Exercise goal: When you reach the line that holds "C270 - Casa", start copying exactly and keep going through the final line of the data, leaving out pictures.

Given material:
_ _ _ _ _
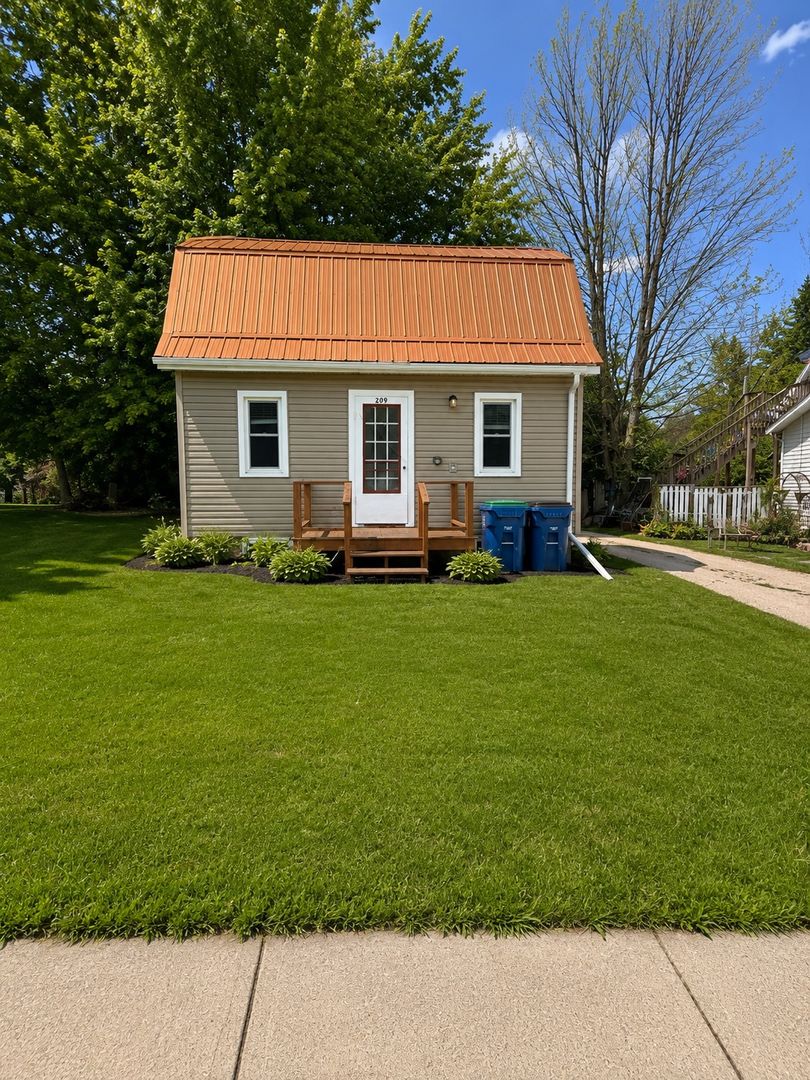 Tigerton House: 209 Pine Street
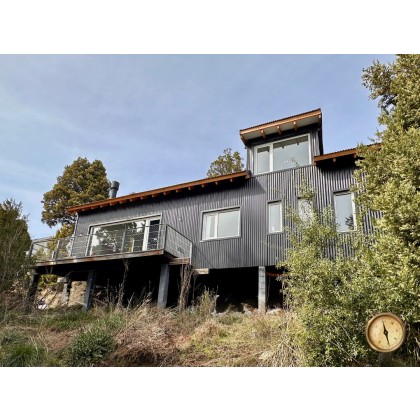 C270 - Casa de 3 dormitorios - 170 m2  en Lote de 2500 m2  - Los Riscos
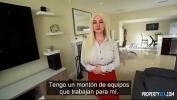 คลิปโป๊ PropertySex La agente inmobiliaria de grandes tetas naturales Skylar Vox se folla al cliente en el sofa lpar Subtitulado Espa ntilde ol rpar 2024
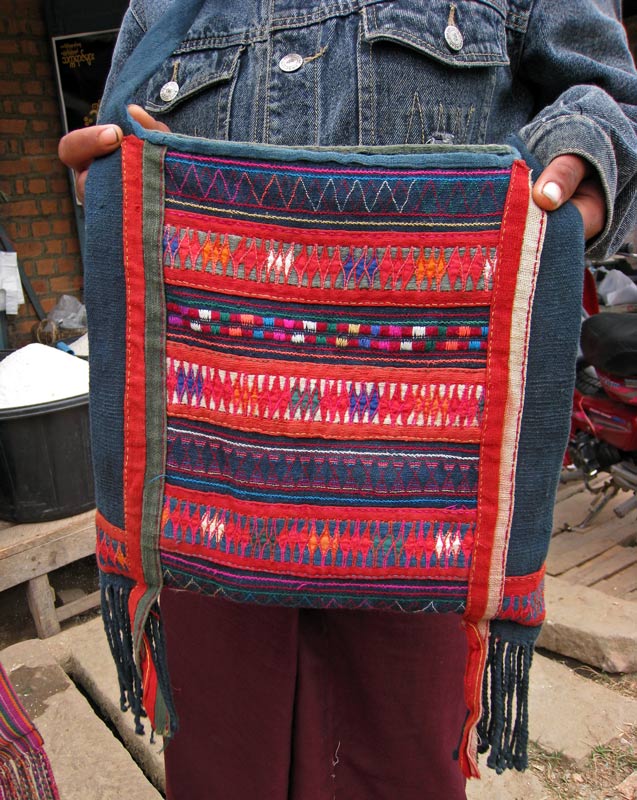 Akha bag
_ _ _ _ _
Answer space:
 C270 - Casa de 3 dormitorios - 170 m2  en Lote de 2500 m2  - Los Riscos
 คลิปโป๊ PropertySex La agente inmobiliaria de grandes tetas naturales Skylar Vox se folla al cliente en el sofa lpar Subtitulado Espa ntilde ol rpar 2024
 Akha bag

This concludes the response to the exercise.